IPS officer Aditya Mishra, speaking at the International Conference on Mobile Law in Delhi, explained how Internet Telephony is a cause for concern for security agencies, given that it is extremely difficult to trace the source of the calls, even though IP allows for recovery of all call related information, including call recordings.
During his talk at the conference, Mishra said that the terrorists involved in the attacks used a VoIP based service called Callphonex, based out of New Jersey, USA. Callphonex got an email from a mail id, email@example.com on 21st October 2008, from Kharak Singh from India, for starting a VoIP account. “To activate this Callphonex VoIP account, an initial payment of $250 was made by a Mohammaed Isfaq through a Lahore based agent, through MoneyGram. A Virtual number 0012012531824 was allotted by Callphonex, and it is the property of a Voxbone, a Belgian company, and was leased out to Callphonex, and a request was changed for allottment for 5 DID numbers (Direct Inward Dialers).” The calls are supposed to be coming for the virual US number, but they go to the five Austrian DID numbers, which are all virtual numbers, albeit mobile numbers.
“Many of the calls being monitored going in and out of the Taj Mahal Hotel were from this virtual number, by the Pakistani handlers to give an impression that calls were being made from the US, and not Pakistan. During the 58 hour siege of Mumbai, which led to over 180 people being killed, a total of 284 calls, running into 995 minutes were made by terrortsis using mobile phones from Taj Mahal Hotel, Oberoi, Trident and Nariman House to their handlers in Pakistan on this virtual number. During the attack, they were using Indian cell phone numbers that they had managed to get beforehand. These numbers received calls from the virtual number, and they made calls to the Austrian numbers. Later investigation revealed that over 150 test calls had already been made between November 24th and 26th, before the attack, and they had already practiced this. But they realized they (the account) was running out of money, so on November 25th, a second payment of 229 Euros was sent to Callphonex, from Western Union Money Transfer location called Madina Trading in Italy. The money senders name was Javed Iqbal, holding a Pakistani passport. This payment was communicated to Callphonex was communicated by Kharak Singh via his email address.

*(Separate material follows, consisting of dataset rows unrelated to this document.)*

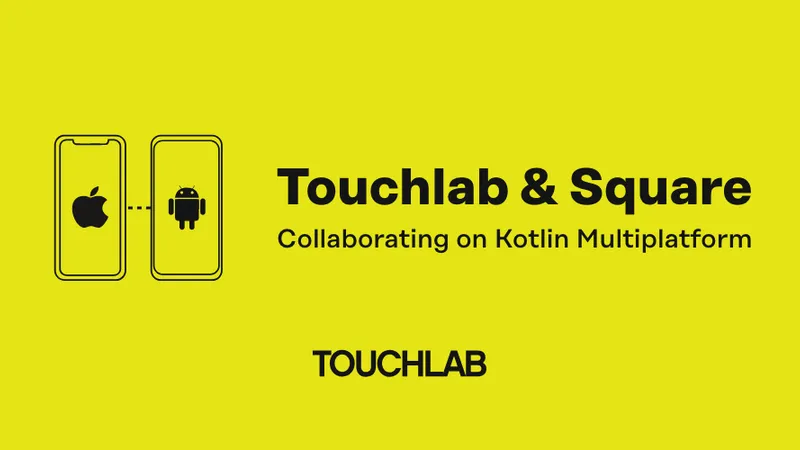 Touchlab & Square Collaborating on Kotlin Multiplatform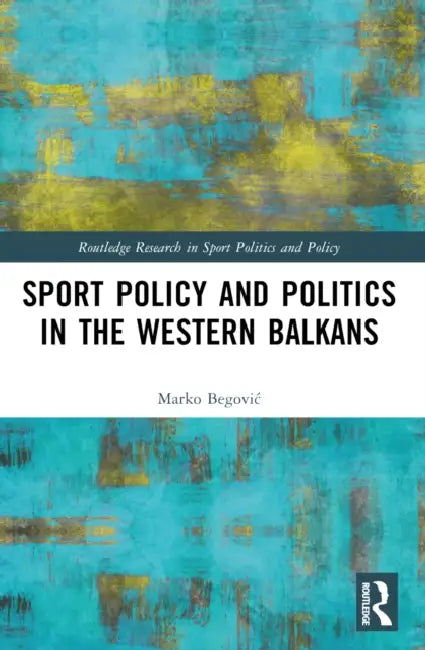 Sports Policy and Politics in the Western Balkans by Marko Begovic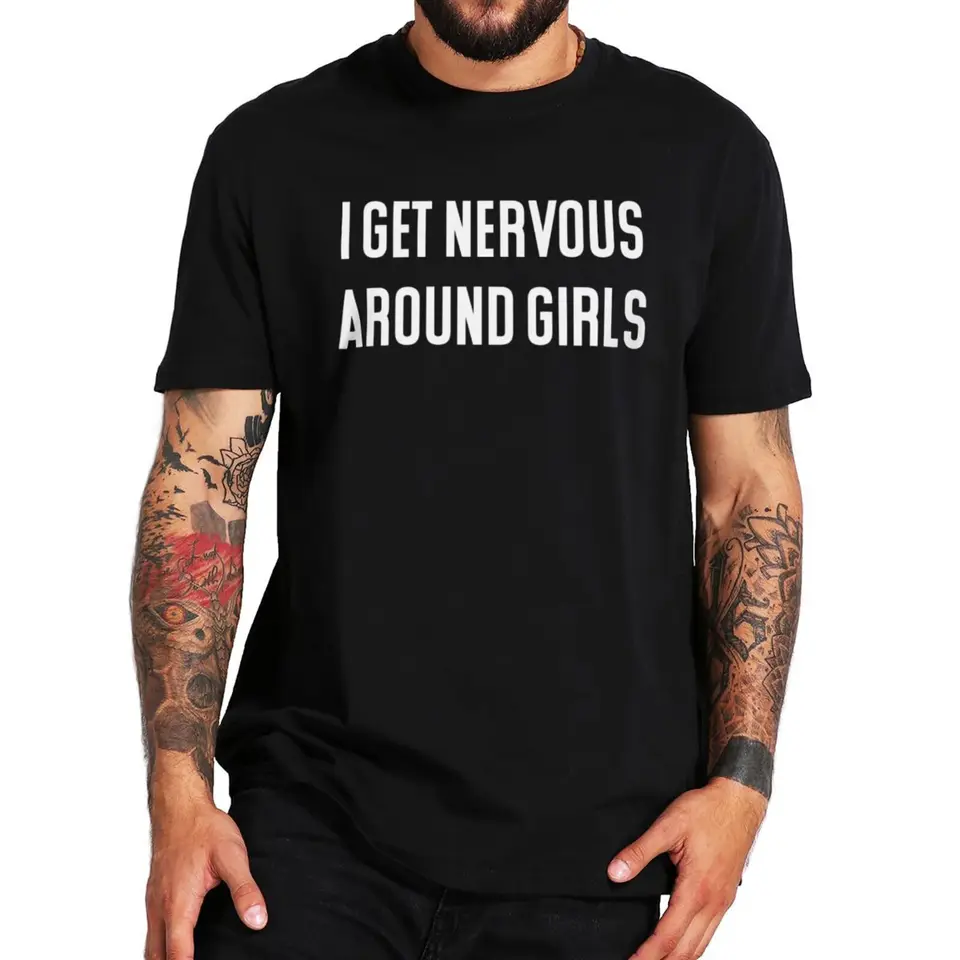 Trshirt muž som nervózne okolo dievčat tričko vtipný introvert humor grafické tričká pre dospievajúce bavlnené unisex mäkké topy eu veľkosť eu
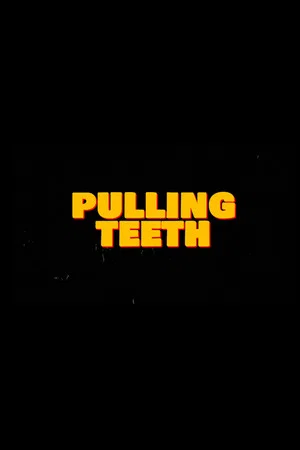 Постер: Pulling Teeth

On November 25th, two employees of Madina Trading company in the Northern Italian town of Gracia, 60 year old Mohammed Yakub and his son were managing the company, sent the money Callphonex using a stolen identity. The funds were transferred under the identity of another Pakistani who had never been to Italy, and was not involved with the attacks.”

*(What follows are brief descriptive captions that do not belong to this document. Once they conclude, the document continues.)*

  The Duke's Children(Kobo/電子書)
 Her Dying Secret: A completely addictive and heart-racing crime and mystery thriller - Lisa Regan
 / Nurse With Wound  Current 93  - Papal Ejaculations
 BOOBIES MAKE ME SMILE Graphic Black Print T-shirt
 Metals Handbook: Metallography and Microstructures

In case of an IP Network, Mishra explained, the IP Routing Logic is still managed by a service provider. Calls form the computer and the mobile phones are routed through the IP Network, and then from some server, somewhere in the world, it gets pushed to the ISD network.
“The interface could be anywhere in the world. The Belgian company could find a Brazillian server very cheap, or some African country where the ISD rates are very cheap. The laws across all these countries are very different. The thing that is worrying all of us is that while in GSM you have a standard protocol, behind that you have at least 20 fields of information that are carried with the call, in internet telephony, there is no standard protocol because its developed on the Internet, and the Internet doesn’t want any control. How and where the Internet call is pushed to the cellphone network, is not known. What happens is that there is just no legal framework, and what number would come here is not unknown to you.”
Mishra offered to demonstrate this by morphing a call, to showcase how using the Internet, a person in any corner of the world, can manipulate your numbers and calls. He called for a balance between security and simplicity, saying that the idea is not to make the process burdensome.
However, Internet Telephony has its advantages too: “If the same thing had happened over the GSM network, we may not have been able to get all the data, but and thanks to the so called co-operation we had, and the Internet telephony, all the data and the conversations were completely recovered, which may not have been possible with a GSM network. Every bit of conversation – how the handlers were also watching TV, telling the terrorists where to go, with a running commentary. The Internet gives the agency more access to data, and maneuverability, which obviously should be accessed in a discreet manner. But, my appeal is that if you make the process simple for the consumer, it will go through. But you need a strong protocol of technology, so when we do want to access that, it is easy for the agencies.”